Let $\alpha >0$ and $ \varepsilon > 0 $. Then $\sum_{n = 0}^{ + \infty} \frac{1}{(1 + |n^2 + n - \alpha |) (1 + n + n^2)^{\varepsilon}} < + \infty $? Let $\alpha >0$ and $\varepsilon > 0$. Then $\sum_{n = 0}^{ + \infty} \frac{1}{(1 + |n^2 + n - \alpha |) (1 + n + n^2)^{\varepsilon}} < C <  + \infty $ ? 
where $C $ does not depends on $\alpha$ ?
It seems that traditional methods from calculus are not directly applicable. This problem is related to the nonlinear Schrödinger equation on compact manifolds. 

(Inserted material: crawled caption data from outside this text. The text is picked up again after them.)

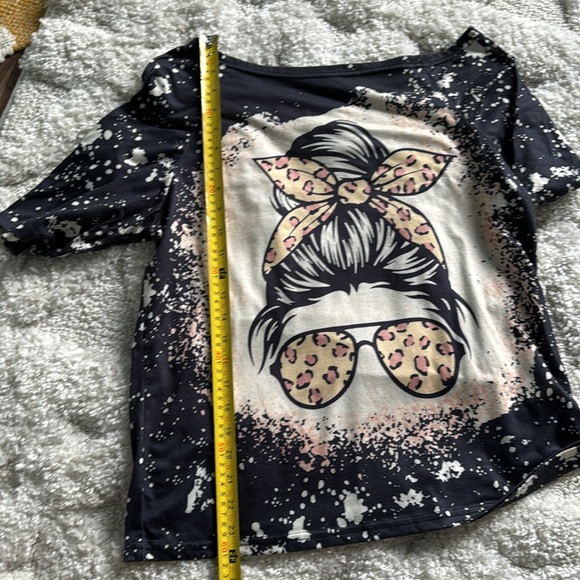 CUTE GRAPHIC TEE! - Picture 4 of 4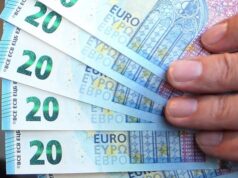 How buying your travel money on the right day could mean you get it £87 cheaper – the best time to exchange currency …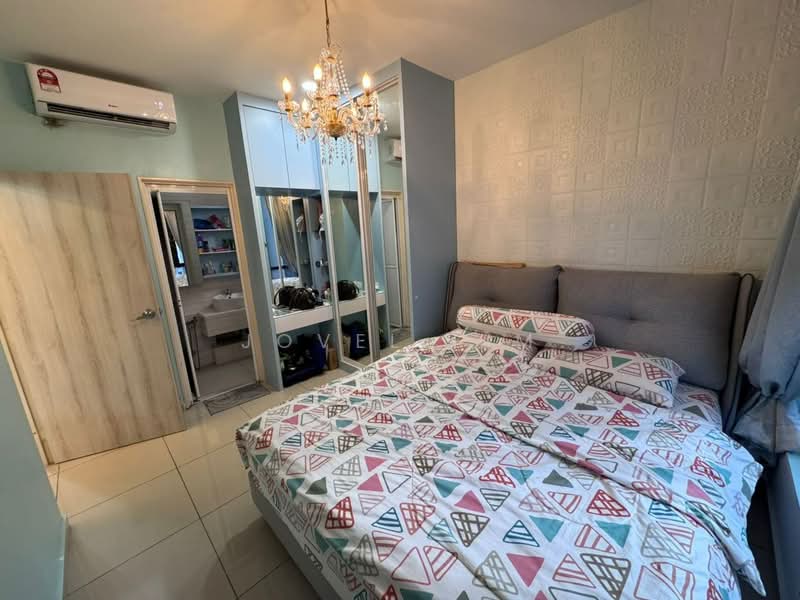 Service Residence for Sale at D'Summit Residences - Jovel Lim - Bedroom - PropertyGuru.com.my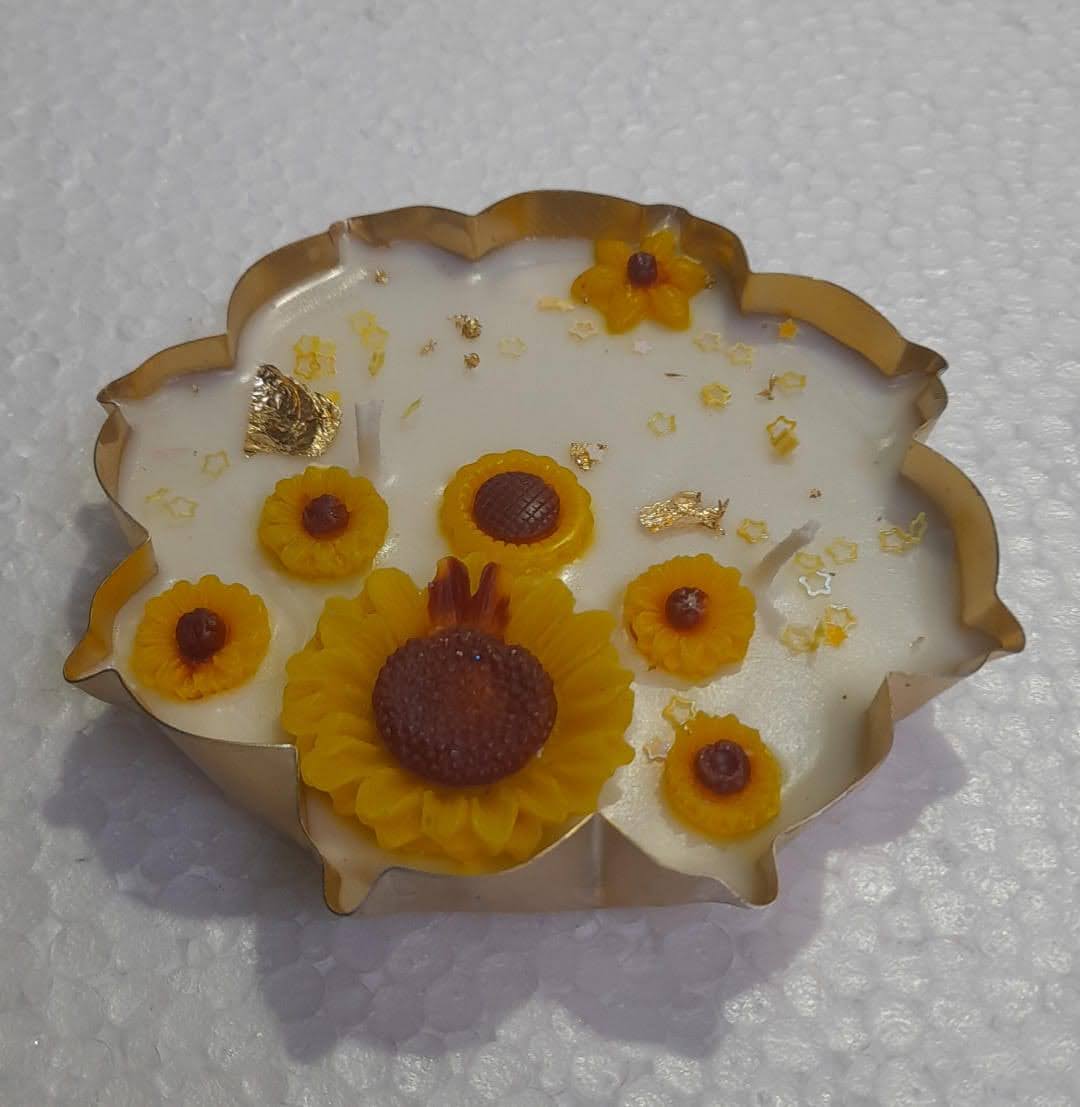 4.5 Inch Floral Urli Candle | Handmade Decorative Flower Urli Candle | Luxury Soy Wax Candle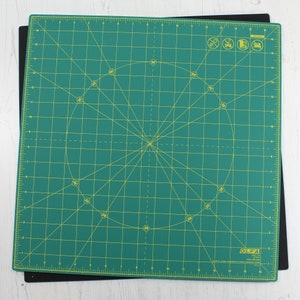 OLFA - 35 x 70 Cutting Mats - Set of 3 Green Mats with Clips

 A: It suffices to start the summation at $n=1.$ Fix $\alpha >0$ and let $q(x) =x^2 + x -\alpha.$ It is enough to consider
$$\tag 1 \sum_{n=1}^{\infty}\frac{1}{(1+|q(n)|)n^\epsilon}.$$
The unique positive root $r$ of $q$ is $r=(-1 +\sqrt {4\alpha +1})/2.$  We have $q(x) <0$ for $0\le x <r$ and $q(x) >0$ for $x>r.$ Let $n_0\in \{0,1,2,\dots \}$ be the unique integer such that $r\in (n_0,n_0+1].$
We first consider the summation over $n\ge n_0+1.$ This equals
$$\tag 2 \sum_{n=n_0+1}^{\infty}\frac{1}{(1+|q(n)|)n^\epsilon} = \sum_{n=n_0+1}^{\infty}\frac{1}{(1+q(n))n^\epsilon}$$ $$ = \sum_{n=n_0+1}^{\infty}\frac{1}{(1+q(n)-q(r))n^\epsilon}.$$
By the MVT, $q(n)-q(r)=q'(c)(n-r)\ge 1\cdot (n-(n_0+1)).$ Thus the sum in $(2)$ is no more than
$$\sum_{n=n_0+1}^{\infty}\frac{1}{(n-n_0)n^\epsilon}.$$
Letting $n=n_0+k,$ we see the last sum equals
$$ \sum_{k=1}^{\infty}\frac{1}{k(n_0+k)^\epsilon}\le  \sum_{k=1}^{\infty}\frac{1}{k\cdot k^\epsilon}<\infty.$$
For the sum over $n\le n_0,$ we can assume $r\ge 1.$ If not, then for all $n\ge 1,$ $q(n)>r$ and the proof above applies.
For $n<r,$
$$1+|q(n)| = 1-q(n)= 1-(q(n)-q(r))$$ $$=1-q'(c)(n-r)=1+q'(c)(r-n)\ge 1+n_0-n.$$
Thus
$$\sum_{n=1}^{n_0} \frac{1}{(1+|q(n)|)n^\epsilon}\le \sum_{n=1}^{n_0} \frac{1}{(1+n_0-n)n^\epsilon}.$$
I'll be brief here. Break the last sum into two sums, the first over $1\le n <n_0/2,$ the second over $n_0/2\le n\le n_0.$ The first sum is on the order of $1/n_0^\epsilon.$ The second sum is on the order of $(\ln n_0)/n_0^\epsilon.$ Both of these expressions are bounded independent of $n_0.$
Putting this all together, we've shown $(1)$ is bounded independent of $r,$ which is the same as saying $(1)$ is bounded independent of $\alpha.$